• PROBLEM REQUIREMENTS:
Pictures do not belong in the copy; print every entry exactly as it stands.

• Crawled caption data:
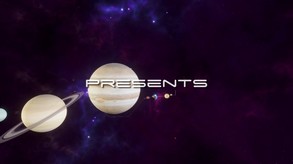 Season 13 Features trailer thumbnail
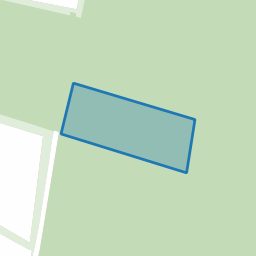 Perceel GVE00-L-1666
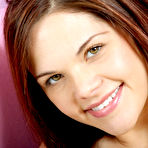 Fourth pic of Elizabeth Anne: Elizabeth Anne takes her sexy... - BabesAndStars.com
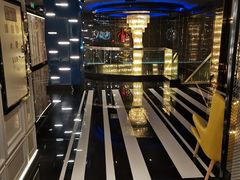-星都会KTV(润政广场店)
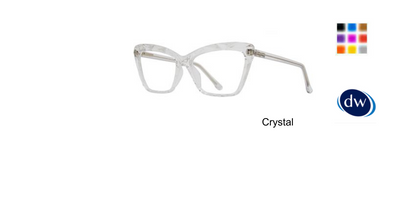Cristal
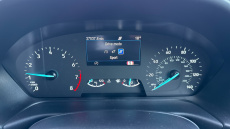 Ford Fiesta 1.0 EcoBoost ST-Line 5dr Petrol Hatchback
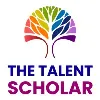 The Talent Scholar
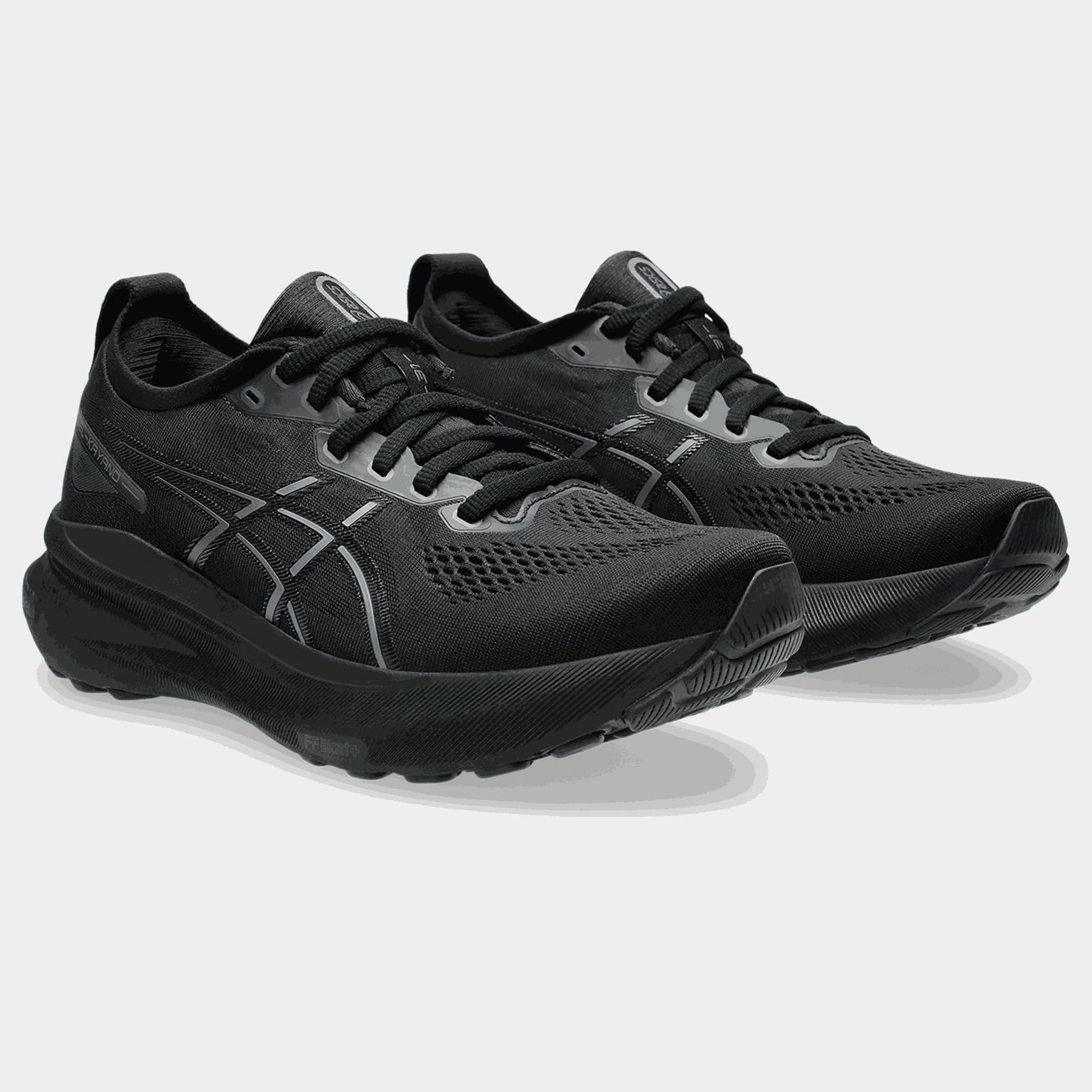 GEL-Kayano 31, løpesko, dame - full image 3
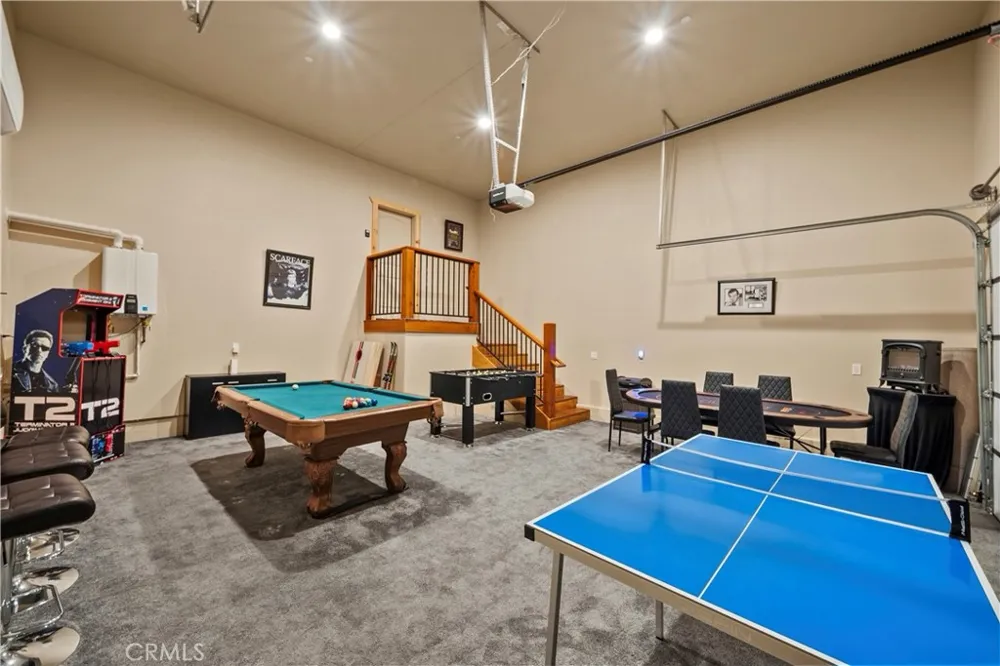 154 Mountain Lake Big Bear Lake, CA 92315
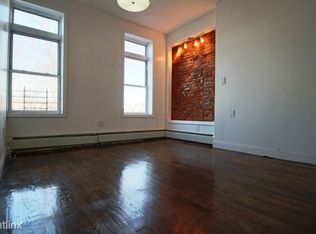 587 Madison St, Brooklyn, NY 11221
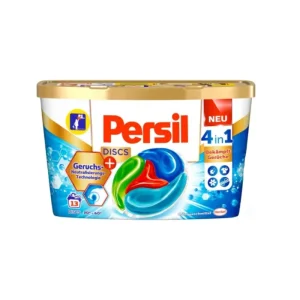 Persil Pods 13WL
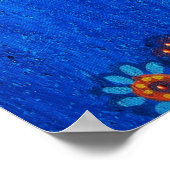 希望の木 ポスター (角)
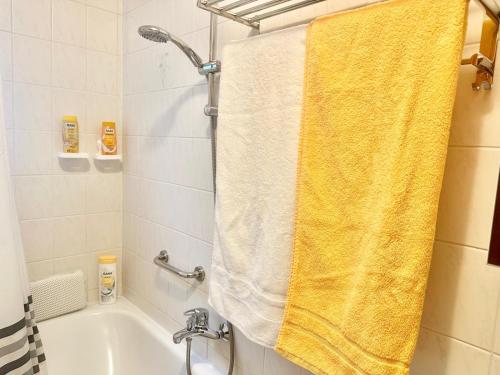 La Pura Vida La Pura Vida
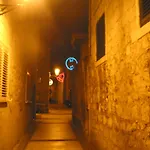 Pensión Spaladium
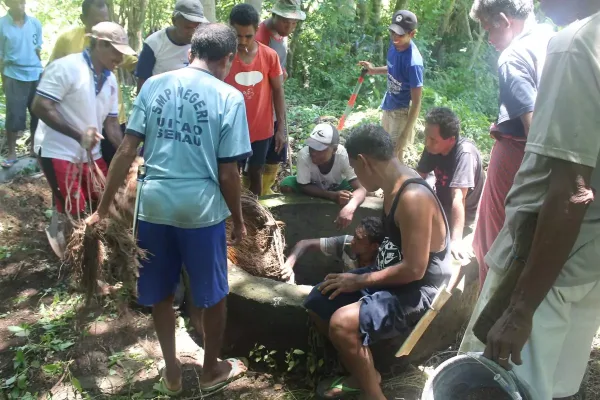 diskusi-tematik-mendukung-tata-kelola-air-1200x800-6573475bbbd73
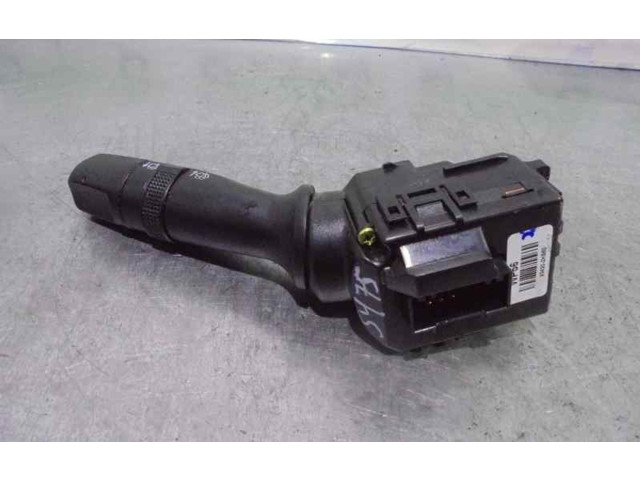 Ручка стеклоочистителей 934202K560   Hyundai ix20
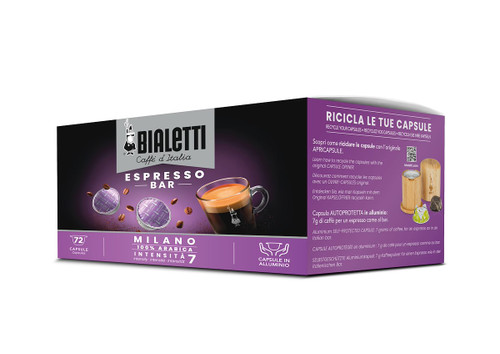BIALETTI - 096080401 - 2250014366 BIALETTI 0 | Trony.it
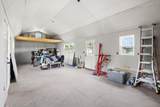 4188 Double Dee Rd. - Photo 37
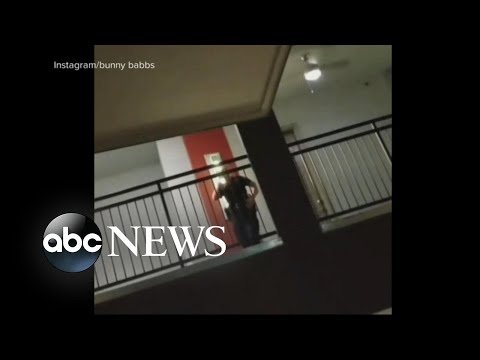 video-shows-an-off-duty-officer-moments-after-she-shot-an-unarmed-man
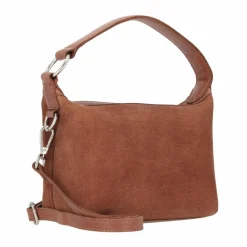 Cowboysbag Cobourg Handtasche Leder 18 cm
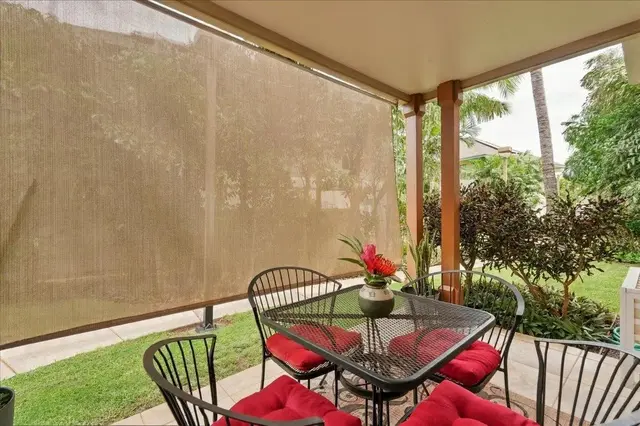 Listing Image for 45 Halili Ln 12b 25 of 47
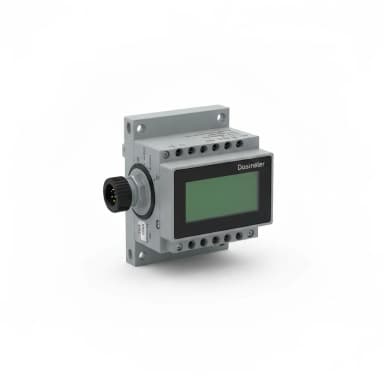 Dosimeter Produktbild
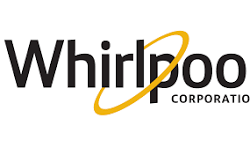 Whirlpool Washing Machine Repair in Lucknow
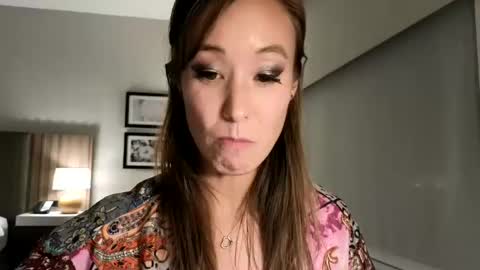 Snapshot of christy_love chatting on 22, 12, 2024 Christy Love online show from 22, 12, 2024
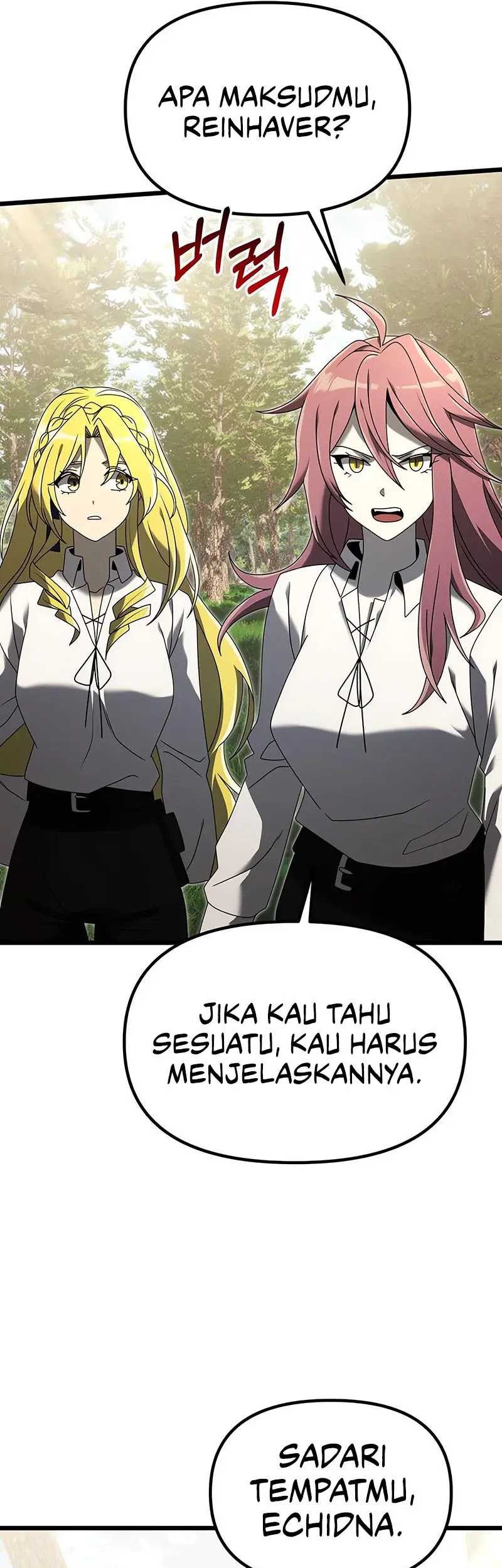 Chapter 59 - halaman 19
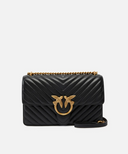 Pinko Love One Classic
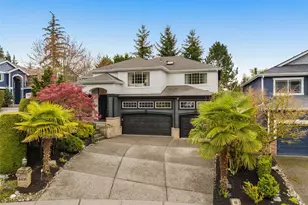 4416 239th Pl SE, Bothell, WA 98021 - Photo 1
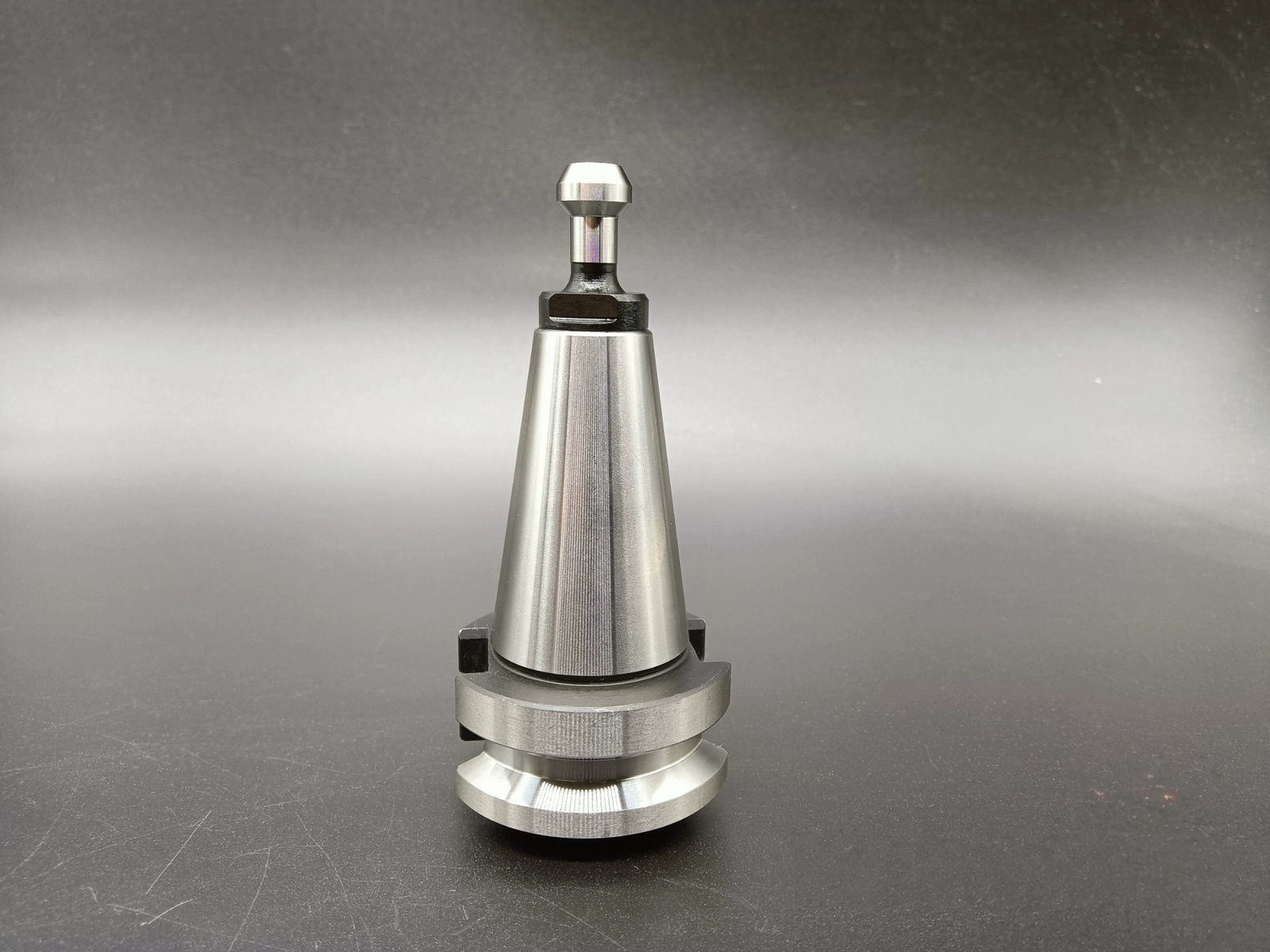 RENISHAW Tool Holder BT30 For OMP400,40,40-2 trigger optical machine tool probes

• SOLUTION TO THIS PROBLEM:
 Season 13 Features trailer thumbnail
 Perceel GVE00-L-1666
 Fourth pic of Elizabeth Anne: Elizabeth Anne takes her sexy... - BabesAndStars.com
-星都会KTV(润政广场店)
Cristal
 Ford Fiesta 1.0 EcoBoost ST-Line 5dr Petrol Hatchback
 The Talent Scholar
 GEL-Kayano 31, løpesko, dame - full image 3
 154 Mountain Lake Big Bear Lake, CA 92315
 587 Madison St, Brooklyn, NY 11221
 Persil Pods 13WL
 希望の木 ポスター (角)
 La Pura Vida La Pura Vida
 Pensión Spaladium
 diskusi-tematik-mendukung-tata-kelola-air-1200x800-6573475bbbd73
 Ручка стеклоочистителей 934202K560   Hyundai ix20
BIALETTI - 096080401 - 2250014366 BIALETTI 0 | Trony.it
 4188 Double Dee Rd. - Photo 37
 video-shows-an-off-duty-officer-moments-after-she-shot-an-unarmed-man
 Cowboysbag Cobourg Handtasche Leder 18 cm
 Listing Image for 45 Halili Ln 12b 25 of 47
 Dosimeter Produktbild
 Whirlpool Washing Machine Repair in Lucknow
 Snapshot of christy_love chatting on 22, 12, 2024 Christy Love online show from 22, 12, 2024
 Chapter 59 - halaman 19
 Pinko Love One Classic
 4416 239th Pl SE, Bothell, WA 98021 - Photo 1
 RENISHAW Tool Holder BT30 For OMP400,40,40-2 trigger optical machine tool probes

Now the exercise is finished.